As I said on previous posts that one more breach of the trust in our marriage would end it I have to stay true to my word. This past Saturday I asked to borrow her phone to call mine as I couldn't find it. She refused to let me borrow her phone and when I confronted her about it she went crazy, screaming at me to **** off and saying "I've had enough of this" which confused me because since we have been back together I have not asked to look at any of her social media accounts or her phone. Anyway, I started to lose my temper (which I never even lost on D-day or anytime after that) with her over this and demanded to see her phone as she was acting guilty and defensive and she ends up locking herself in the bathroom with her phone. After about 30 seconds she came out and handed me her phone and said here you go then but it still had the lock on it and she still refused to unlock the phone. After this all of my frustration came out and I told her that she's a scumbag for what she has done to me this past year. She's offended that I called her a scumbag and tries to turn the situation around on me saying that this is pointless because I'll never trust her again and all I do is bring up the affair, which isn't true at all. 

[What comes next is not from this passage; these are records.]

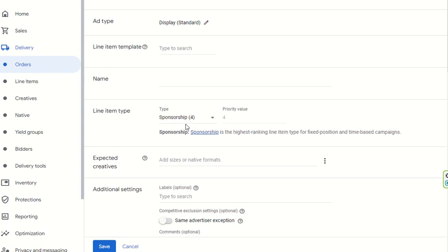Sponsorship ads are the topmost priority for every publisher. Advertisers pay premium money for premium ad inventory to run sponsorship campaigns, and publishers earn good revenue from them. Importantly, if any sponsorship line item is active, no Ad Exchange, no programmatic guarantee deal, no preferred deals, no private marketplace auction deals — nothing else will run. Only the sponsorship campaign runs, as it takes precedence over everything.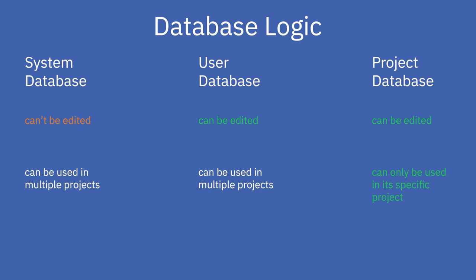The system database contains all basic elements you can use in your model area. If you want to modify the attributes of these elements, you must create copies in the user or project database.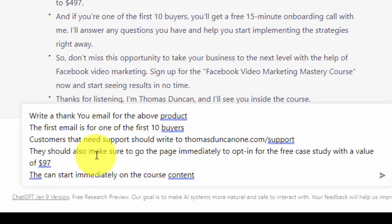Now this first email, we're going to give ChatGPT some instructions. We're going to tell the chatbot that this email is for one of the first 10 buyers, which we have designated in a previous context that these individuals will receive a one-on-one consultation.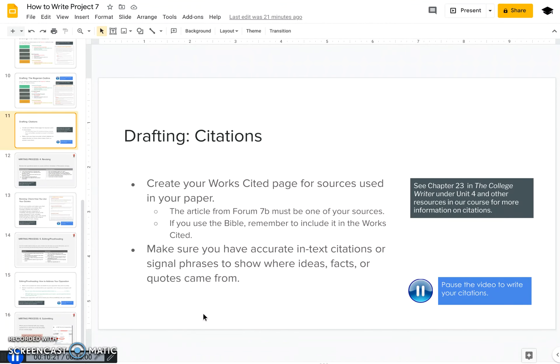The last point to make about drafting is citations. By now you should be familiar with making a works cited page and including in-text citations with your ideas, facts, and quotes. A couple of points: first, make sure the article from Form 7b is included in your works cited — it's easy to overlook that. Second, if you use the Bible at all in your paper, remember to include it in the works cited. If you haven't already made your works cited or put in your in-text citations, pause this video and go do that.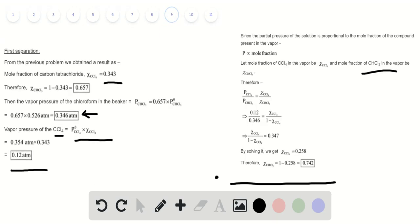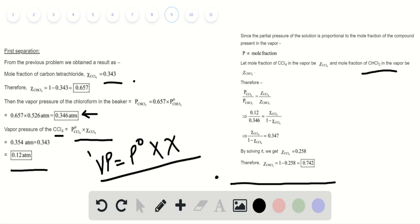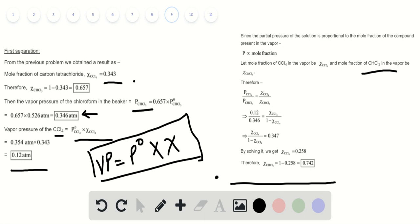For the first separation, the mole fraction of carbon tetrachloride is 0.343. Therefore, the mole fraction of CHCl3 equals 1 minus 0.343, which gives 0.657. We can determine the vapor pressure of any compound by multiplying its pure vapor pressure by the mole fraction. Using this formula, we can determine the vapor pressure of CHCl3 and CCl4.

So here we are, splitting up again and this time for good. I tried my hardest to work through the problems and also understand my wife's side of the affair. All I can say is that I tried, and I am gutted. I truly believe she has a problem, funnily enough this past month her mum left her step dad for another man without any remorse, this man single handily saved their family from the gutter and that's how she repays them. 

I'm now sitting here in dread at the thought of how hard this is going to be. I won't lie I'm scared, I have been through so much heart ache and stress this year it feels like my mind and body are ready to give up. So much for loyalty in marriage. You look after someone, care, provide and give everything you have to them and this is what you get in return.


----------



## Satya

Well, I can understand your frustration, but you should have stayed totally calm.

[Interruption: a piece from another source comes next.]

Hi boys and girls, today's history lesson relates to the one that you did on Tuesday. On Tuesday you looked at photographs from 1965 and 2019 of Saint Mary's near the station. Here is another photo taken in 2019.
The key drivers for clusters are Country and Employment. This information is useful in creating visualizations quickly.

This would have kept her as the unreasonable person. Now she will use your own temper and reaction as an excuse. 

Nevertheless, it is done. 

She definitely was hiding something from you that was inappropriate. Her immediate reaction and then the bathroom episode says it all. She was scrambling to hide something. 

Else, she would have offered up her phone in a New York minute.

180, detach, all your energy shifts to you now. Consider it valuable knowledge that now gives you the power to finally become unstuck.


----------



## Sparta

OP you are done with her right.?! Buddy she's got no respect for you. Time to throw in the towel... she's just a tramp that's what she wants to be. why she wanted you back I don't know probably out of guilt but now you know what she really is.
_Posted via Mobile Device_


----------



## Malaise

Handing you the phone locked was a F-you gesture.

I guess she wasn't trying all too hard to fix the marriage.


----------



## Jay83

No it's done now, no coming back from this. Her excuse about the phone was that she had been speaking to a friend about me and her that she didn't want me to see.

I feel gutted and broken, I gave her the chance to show me that we can fix this this marriage and trust, she just couldn't help herself. I mean the writing was on the wall from the beginning. After D-Day she said she would do anything to fix us and the other guy she was seeing was still at my house that following week. This is the guy that on the following Friday turned up at mine when he found out I was home and threatened me with a metal pole... well him and his mate. 

What a mess, and no she has no respect for me or herself.


----------



## Openminded

I know it hurts but be grateful it happened now and not much later into R. Now you can go on with your life instead of wasting decades (BTDT).


----------



## bandit.45

Go see a solicitor and get the ball rolling on divorce. Your wife is a serial cheater, most likely inherited from her mother. She will never change. Ask her to move out, and this time don't cave when she turns on the tear factory. She's not one damn bit sorry for what she has done.


----------



## CuriousBlue

Openminded said:


> I know it hurts but be grateful it happened now and not much later into R. Now you can go on with your life instead of wasting decades (BTDT).


ditto


----------



## JohnA

Keep owning your own issues. Your thoughts where spot on about issues vs adultery. They are different issues. Adultery is a horrible choice in reaction to an emotional trauma. An alcoholic will drink, a serial adulator will commit adultery. Just as a relationship cannot survive alcoholism a marriage cannot survive adultery. 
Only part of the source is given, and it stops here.